In 2009, the building inspection industry took a backward step because of a law that quietly deregulated the industry in NSW.

This change allowed almost anyone without an adequate understanding of the laws and regulations to start a building inspection business. For the property owner, who may not be aware of this fact, it left them open to financial loss if an inspector missed defects of a property due to lack of knowledge.

Under AS:4349.0-2007 & AS:4349.1-2007 & AS:4349.3-2010 there is currently no Australian Standard requirement for a pre-purchase pest and/or building inspector to have professional indemnity (PI) insurance in place, furthering the risk to the property owner.

Building inspectors must be able to comply with the Standards of the industry including:

  • Australian Standards for building inspectors
  • Spotting defects
  • Report writing
  • Contracts and fee agreements
  • Avoiding disputes

The AS 4349 Series is the workbook that every building inspector should have on them at all times, as failure to comply with the guidelines set out in these standards can result in severe legal penalties. If defects are not noticed, this could mean depreciation in the value of the property owner’s home and cause the owner to enter into litigation with the building inspector.

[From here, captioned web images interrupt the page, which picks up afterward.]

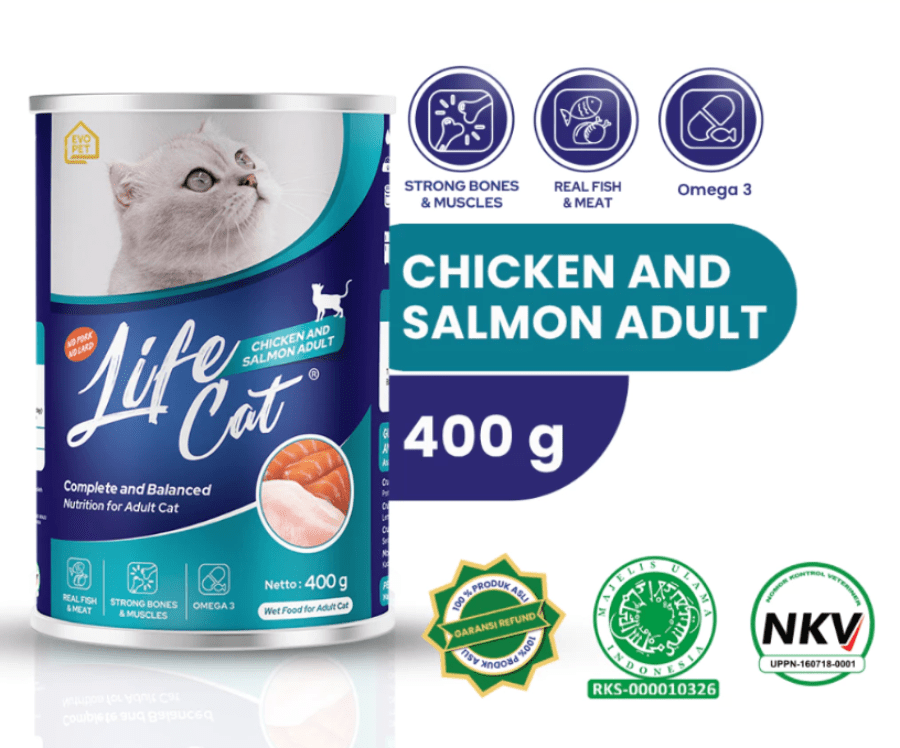 Life Cat Chicken & Salmon Adult Makanan Kucing Basah Kaleng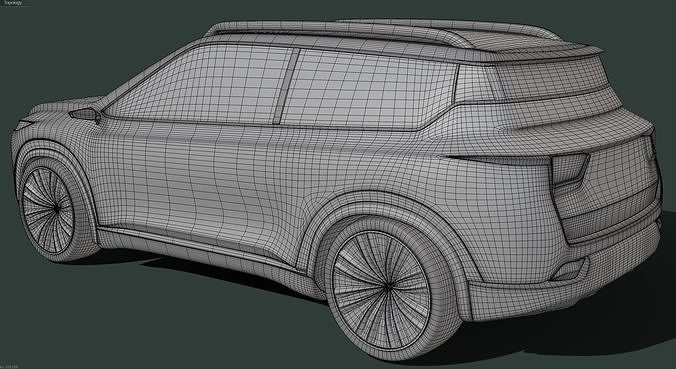 damaged crossover car 3D model 4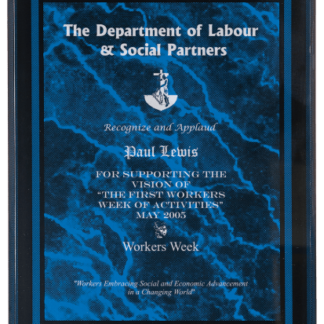 BLUE MARBLE BORDER CLEAR-PLAQ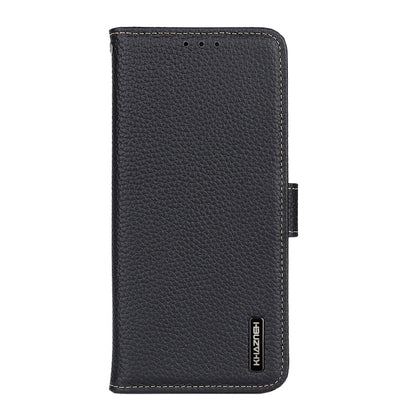 For Sony Xperia 10 IV KHAZNEH Litchi Genuine Leather Phone Case(Black) - Sony Cases by buy2fix | Online Shopping UK | buy2fix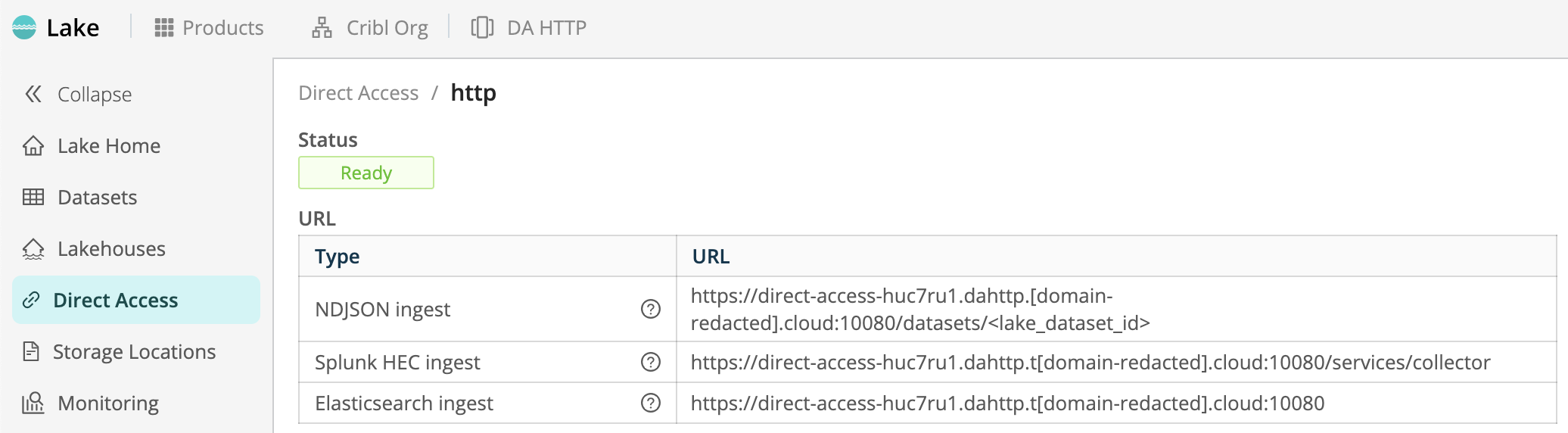 Screenshot of Direct Access (HTTP) configuration showing &ldquo;Ready&rdquo; badge and &ldquo;URL&rdquo; table of ingest endpoints..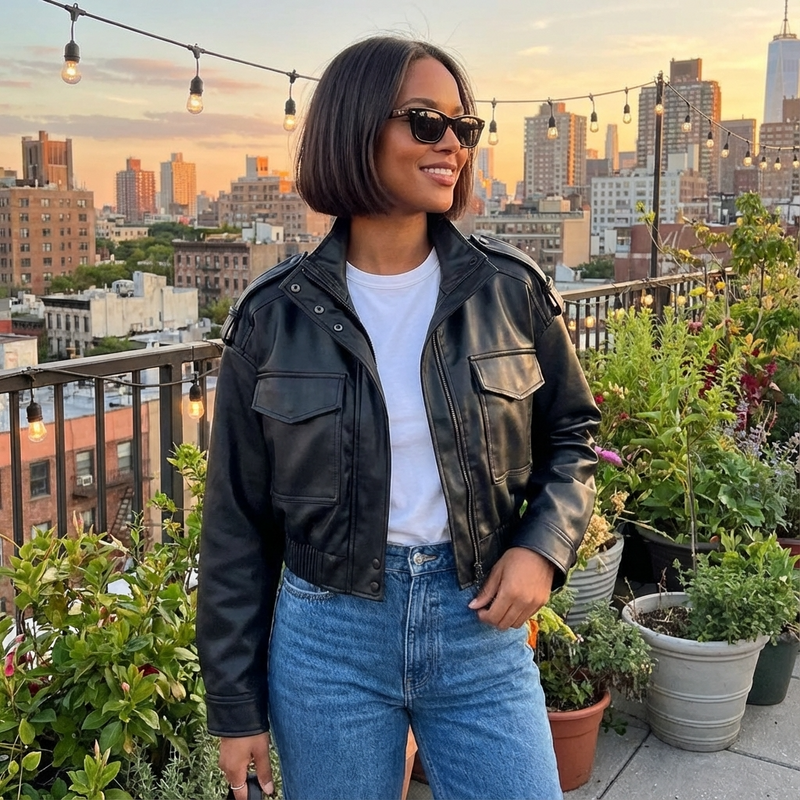 Amara Women’s Faux Leather Jacket | Stand Collar, Utility Pockets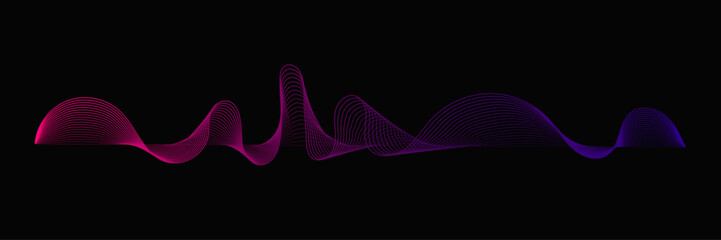Poster - vector wave dynamic music lines. blue-violet abstract lines. sound waves on a black background.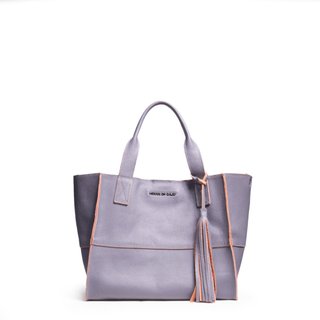 Bolsa Feminina Em Couro Alça De Mão Lavanda Com Laranja "Kelly Cavaco"""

Correct report writing is another aspect of training for building inspectors, which helps them to understand how to create reports, file them according to the Australian Standards and collate all evidence, including photos and diagrams. Likewise, if the building inspection business employs staff that write reports, they too will need a thorough understanding of the laws.

The risk of litigation is high in property inspections, as the industry centres on the greatest investment that a person can make – the home. When things go wrong, it is the inspectors – those who give the green or red light for a property – who are often in the line of fire.

It’s incredible to think that an industry so full of risk is not regulated.